Art de la guerre monétaire et économique

L’Edito du Dimanche 10 Mars 2013: A propos du salaire des dirigeants et des salaires « abusifs » en général par Bruno Bertez

L’Edito du Dimanche 10 Mars 2013:  A propos du salaire des dirigeants et des salaires « abusifs » en général par Bruno Bertez

Le présent article n’a nullement pour objectif de prendre position sur la question de savoir s’il faut limiter ou non les salaires de dirigeants. La question des inégalités est complexe. C’est un vaste sujet qui pour être abordé nécessite que l’on se place de différents points de vue: économique, moral, social, sociétal et symbolique. Par ailleurs il est relié à la question de la justice sociale qui, en elle-même, constitue un débat à part entière. 

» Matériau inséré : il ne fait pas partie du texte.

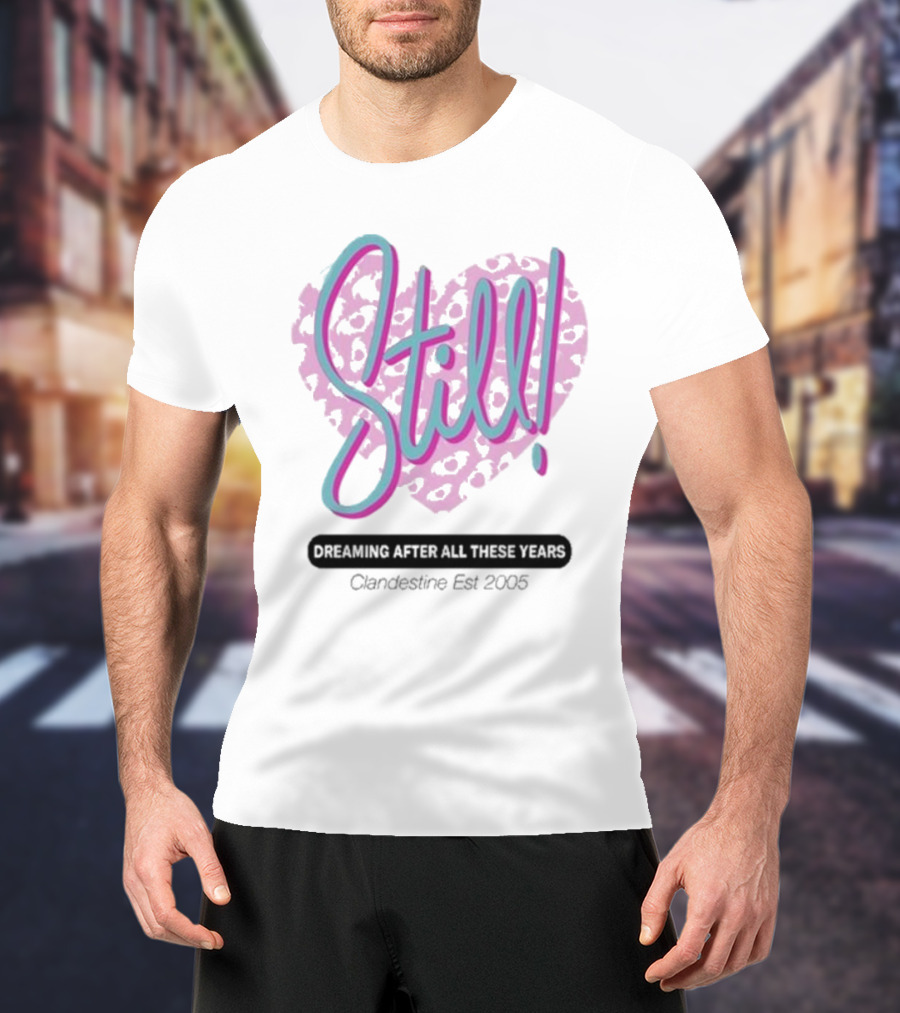 Still Dreaming After All These Years Clandestine Est 2005 Leopard Print Heart T-Shirt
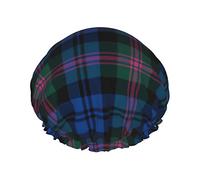 Blue And Green Scottish Tartan Printed Double-Layer Shower Cap, Reusable Shower Cap, Suitable For Various Hair Lengths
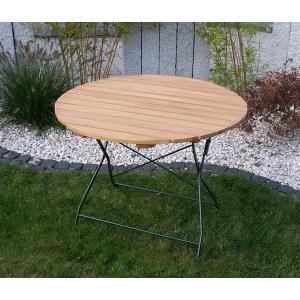 Tuintafel hout inklapbaar Bad Tolz - groen frame ⌀ 100 cm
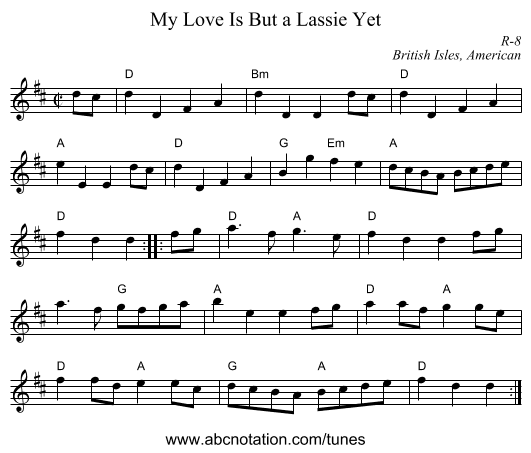 My Love Is But a Lassie Yet - staff notation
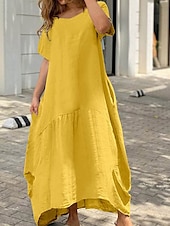 abordables concevoir des robes en coton et lin-Femmes Noir Blanche Jaune Été Printemps Robe maxi Robe Blanche Robes en coton et lin Robe d&#039;été en coton Occasionnel Vacances Quotidien Sortir Coupe Ample Couleur Unie Col ras du cou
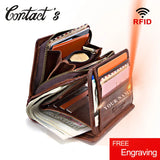 100% Genuine Leather Men Wallets Zipper Engraving Coin Purse Short Male Money Bag Quality Rfid Walet Small Card Holder Clutch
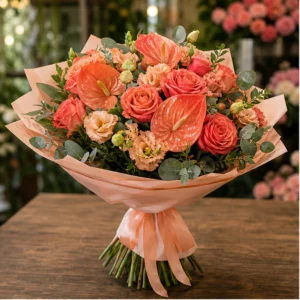 Buchet Flori Frumoase Răsărit Coral cu Anthurium și Trandafiri - imagine 1
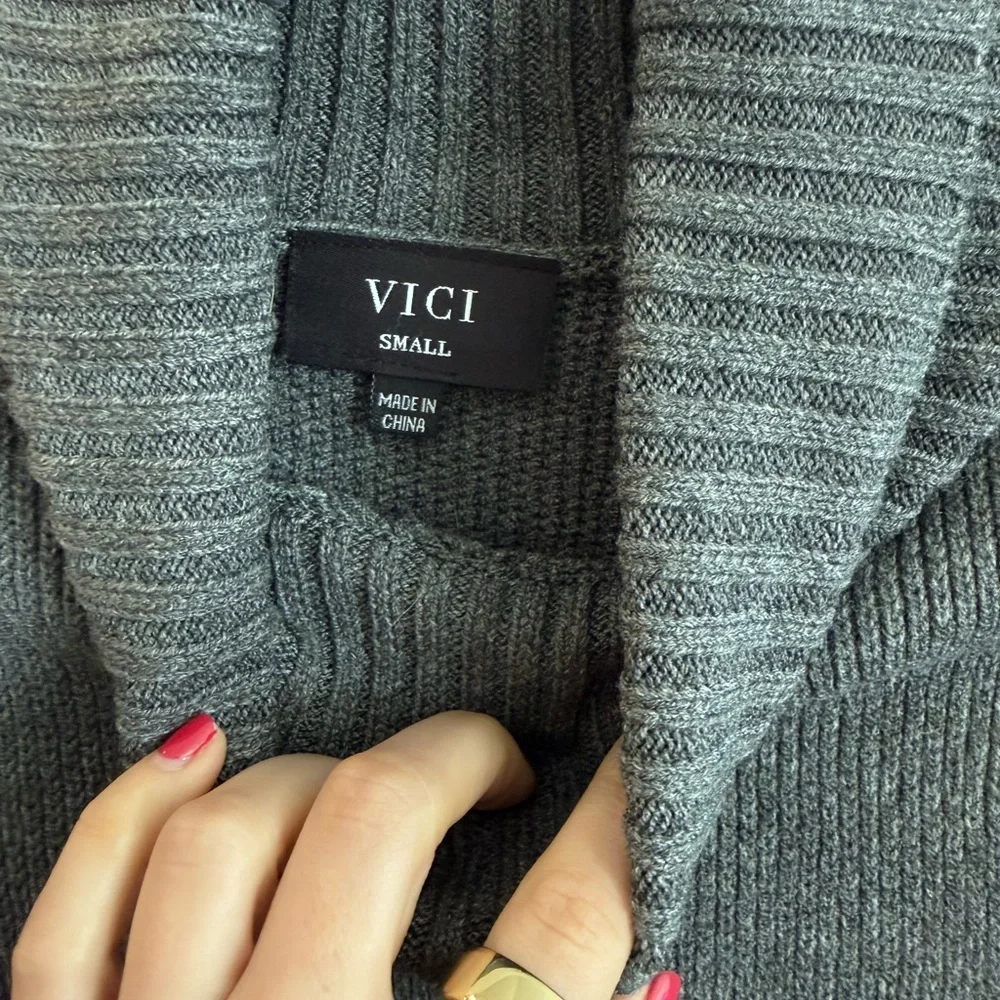 Vici Charcoal Turtleneck Sweater - Picture 2 of 4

Simplement nous voulons attirer l’attention sur un aspect passé sous silence. 

Les sommes touchées par les managers ont pour origine : la professionnalisation, la montée du pouvoir de ces managers et leur constitution en classe sociale hybride entre le salariat et le capital. 

   Le capitalisme familial, pour maintenir son patrimoine et son profit, a fait appel à des managers.

En même temps, les entreprises se sont ouvertes sur l’extérieur, sur l’actionnariat populaire et la dette bancaire, le levier. L’origine du profit et de l’enrichissement est devenue plus floue, plus complexe.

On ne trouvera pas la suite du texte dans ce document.